Not as robust as it could be. Our ground level problems haven’t been adequately explained to the non Tamil Members. It’s useless our Members of Parliament talking in Tamil to the large percentage of non Tamil Members. They hardly listen to the translations. Many don’t understand English as well. And we Tamils hardly speak Sinhalese. There is a severe gap between the North and the South in appreciating each other’s problems. The TNA must do something about it. It’s understanding (Which is needed) among the major communities that could solve our national problems.
You were nominated as the Chief Minister candidate by the present TNA leadership.
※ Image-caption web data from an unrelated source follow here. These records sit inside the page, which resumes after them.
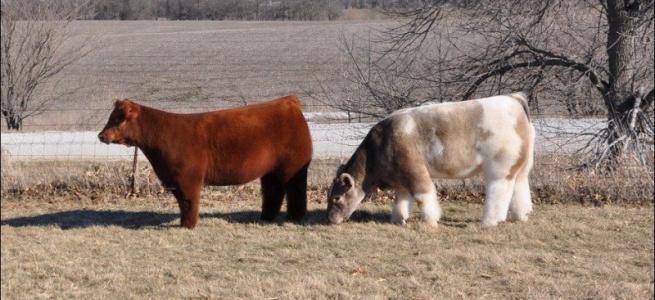 ﻿Пухнасті корови з Айови (ФОТО)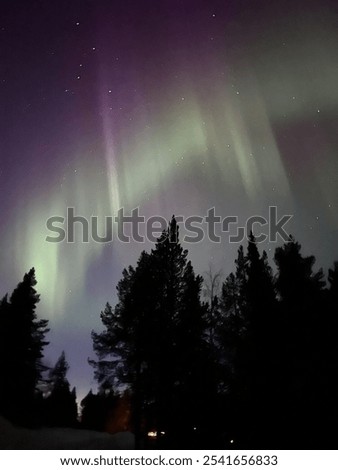 Similar – Foto Bild Polarlichter über Bäumen in der Winterlandschaft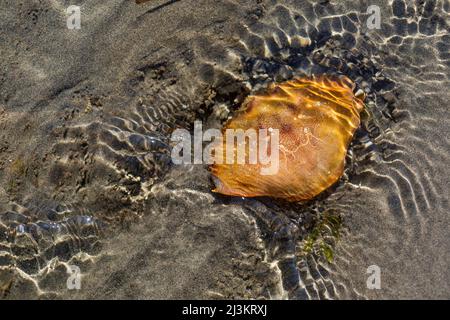 Crab hidden in the sand under the shallow water at Crescent Beach in the cold Pacific Ocean of BC, Canada; Surrey, British Columbia, Canada Stock Photo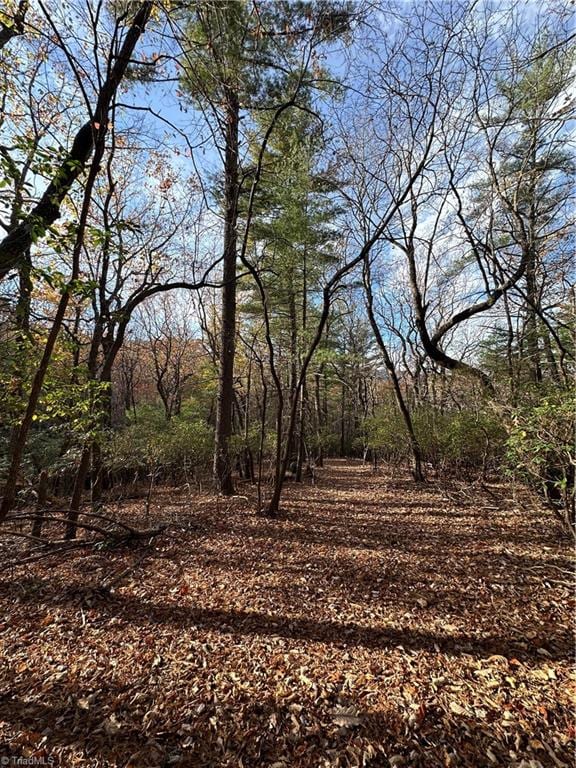 TBD Courtland Ln, Lowgap, NC 27024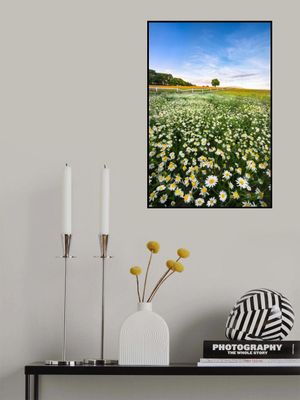 Daisyfield in Sweden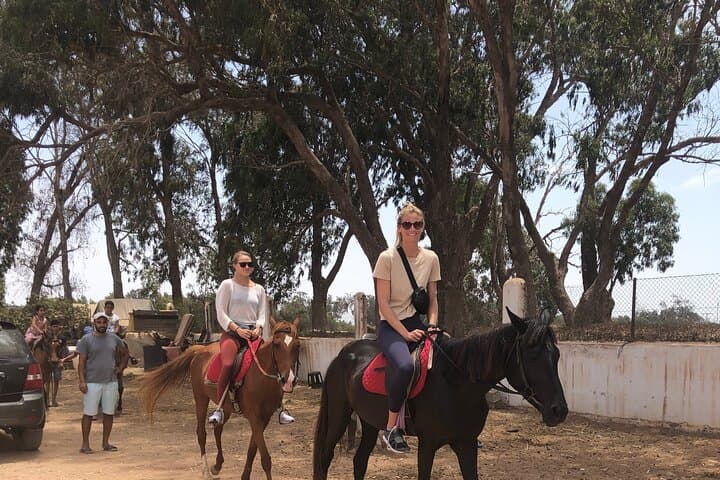 Horse Riding Agadir: Eucalyptus Forest & Souss-Massa River Ride photo 4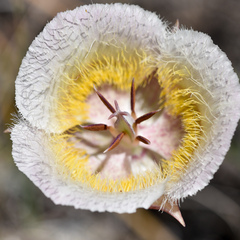 Calochortus coxii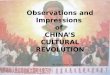 Cultural revolution program by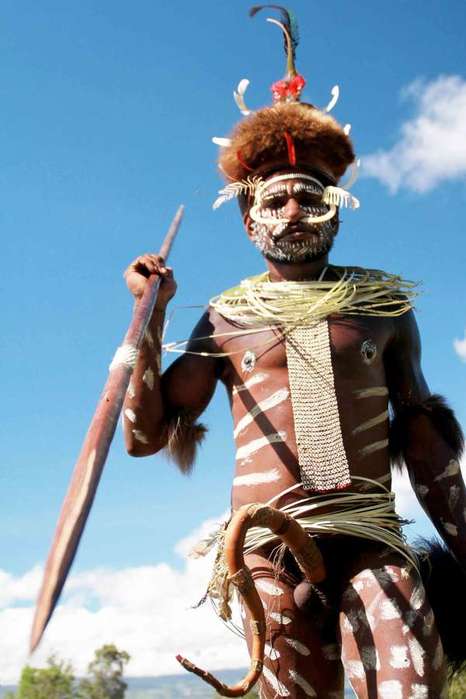 sang-panglima-perang-suku-dani-papua (466x700, 35Kb)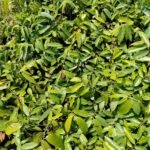 Buy Polyalthia coffeiodes, nakulai, nedunarai, nedunarvilla - 
Live plant online shopping for sale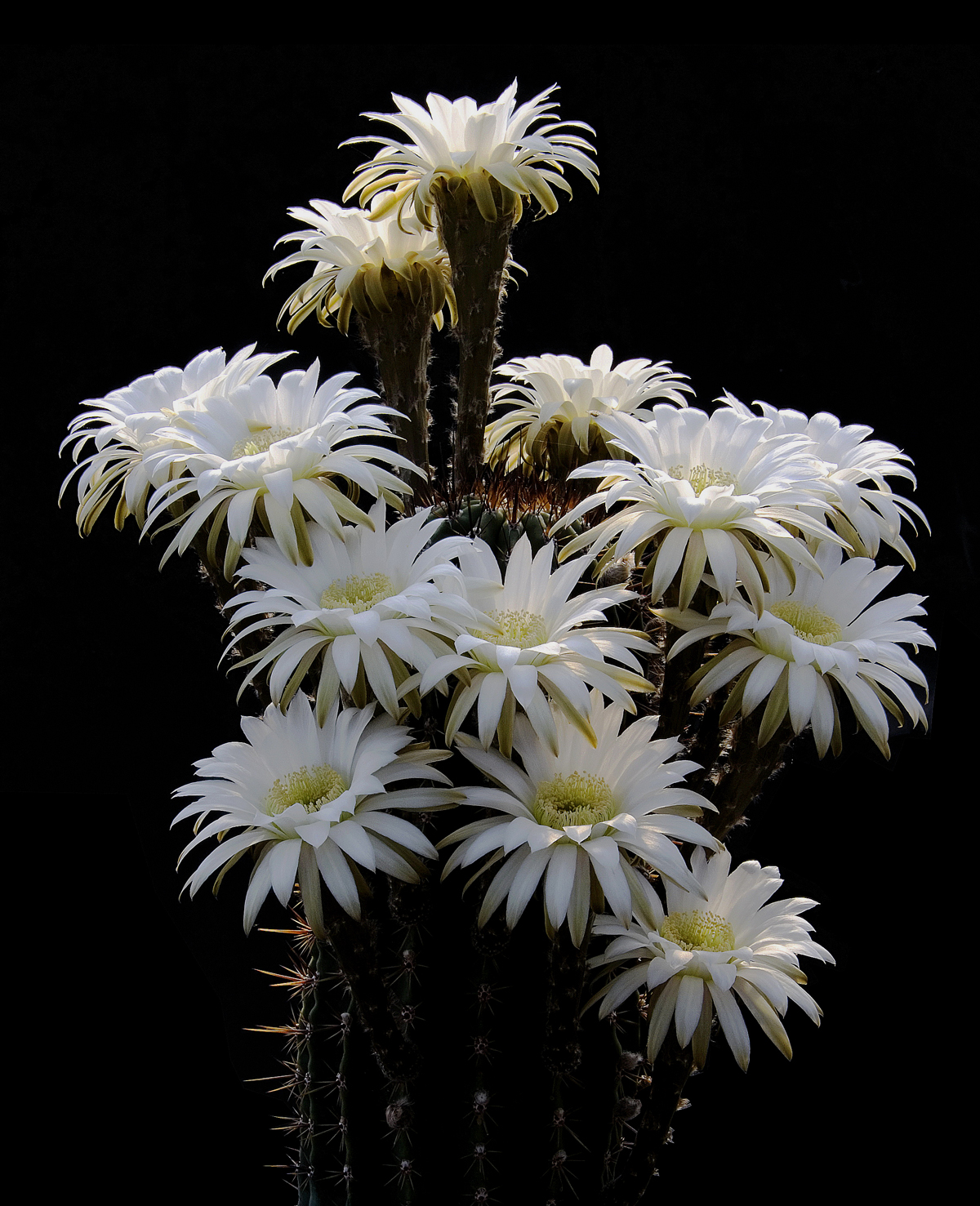 Echinopsis minuana...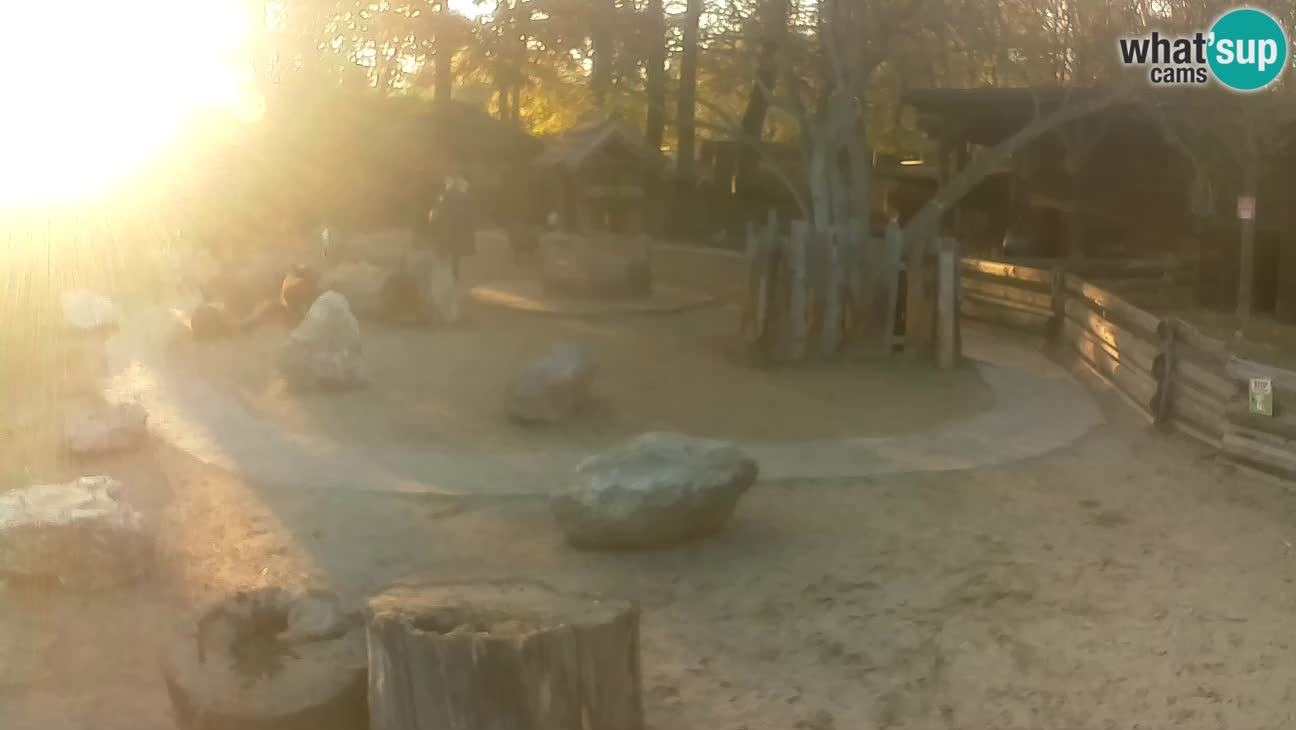 Zoo Zagreb – Cebo dai cornetti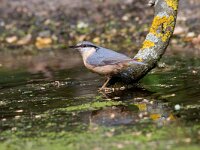 Sitta europaea 7, Boomklever, Saxifraga-Jan Nijendijk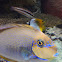 big nose unicor fish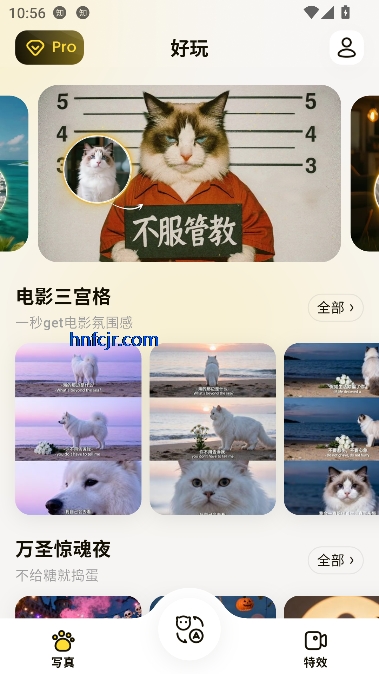 宠玩app宠物对话 宠玩app宠物对话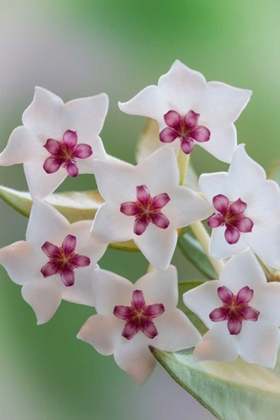 Picture of HOYA BELLA BLOOMS II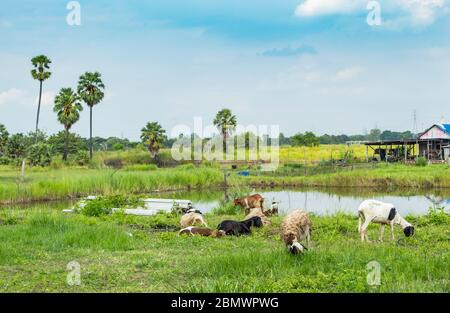 La chèvre mangeant l'herbe à côté d'un étang et des palmiers à sucre. Banque D'Images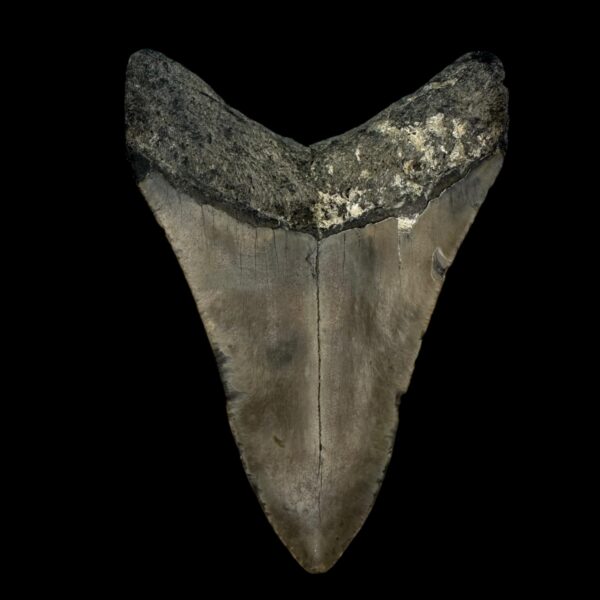 Megalodon Tooth Fossil 4.52″ – Extraordinary Prehistoric Shark Fossil - Image 2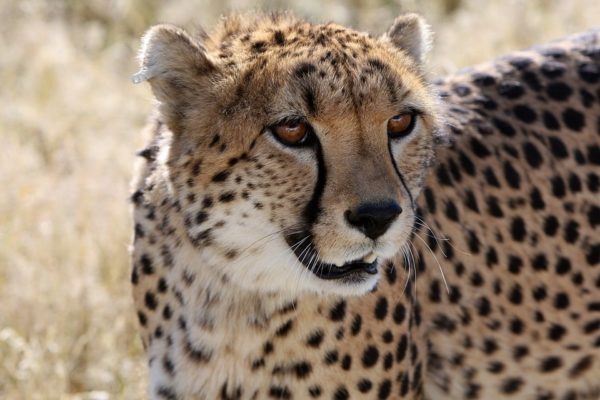 cheetah-2116775_960_720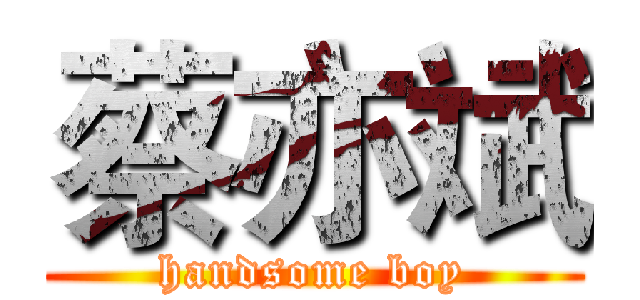 蔡亦斌 (handsome boy)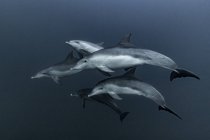 Pod of Common Dolphins hunting, Port St. Johns, Sudáfrica - foto de stock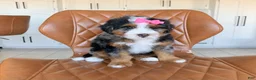 Bernedoodle dogs for sale: Maple - Ad 4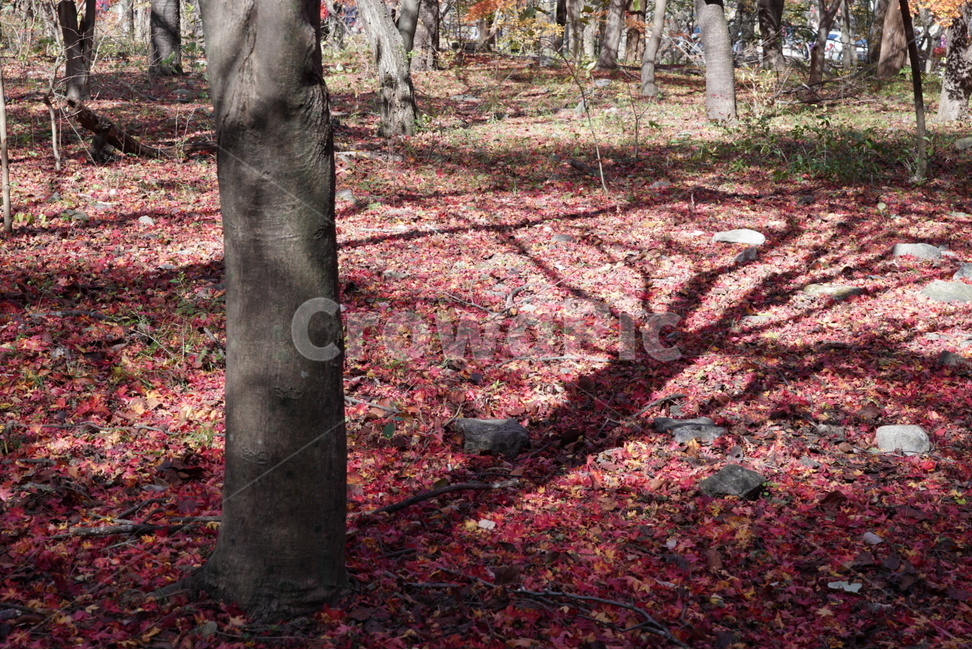 국내여행,내장산,단풍,풍경,햇살,가을,계절,fall,autumn,season,자연,풍경,nature,landscape,식물,plants,나무,trees,wood,plant,tree,ground,바닥,leaf,잎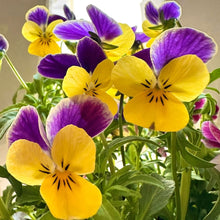 画像をギャラリービューアに読み込む, 【予約商品:10/26発送】ビオラ・ファンシーブルーラビット 3号 4ポットセット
How do you feel about it?
I’m still in the TNA! So what about it?
What instigated you to take to politics?
There was no instigation. It was a continuous bombardment from various Tamil interest groups and Tamil leaders. I withstood it for six months almost. Finally I said if all agree I would consider coming. I expected them not to unite. But they did! That’s how yours truly is here.
What is the model of power devolution you propose for the north and the east?
We must understand the difference between Decentralisation and Devolution on the one hand and Federalism and Sharing of power on the other. Decentralisation is where all power is vested in the centre, but for easy administration powers are delegated to the periphery. Devolution differs from federalism in that the devolved powers of the sub national authority may be temporary and are reversible, ultimately residing with the central government. Thus, the state remains de jure unitary. Legislation creating devolved parliaments or assemblies can be repealed or amended by central government in the same way as any statute.
In federal systems, by contrast, sub-unit government is guaranteed in the constitution, so the powers of the sub-units can’t be withdrawn unilaterally by the central government (i.e. without the consent of the sub-units being granted through the process of constitutional amendment). The sub-units therefore have a lower degree of protection under devolution than under federalism. Federalism and Power sharing are what we want.
Historically the British brought in separate units of sovereign power centres together. When the territorial representation system was introduced in early twentieth century, power fell into the hands of the majority community. They made sure such vesting of power in them gave all the benefits to the majority community and deprived the minorities of their powers and privileges. They knew the Tamils were the majority community in the North and East, but went on to deprive them of their rights. Sinhala only was one such move. We have now got to give what was taken away from the Tamils back to them. It’s their right to look after themselves. Their individuality needs to be recognized. We could do so within the territorial integrity of the island. It’s done inter alia in other countries like Switzerland, Belgium and Canada. A federal power sharing method is what I advocate. Both, our NPC as well as the TPC have also advocated same.
If the north and the east are to be merged again, what is the mechanism you propose to ensure the rights of Sinhalese living there?
The Sinhalese will have the same rights the Tamils and Muslims will have in the other Provinces.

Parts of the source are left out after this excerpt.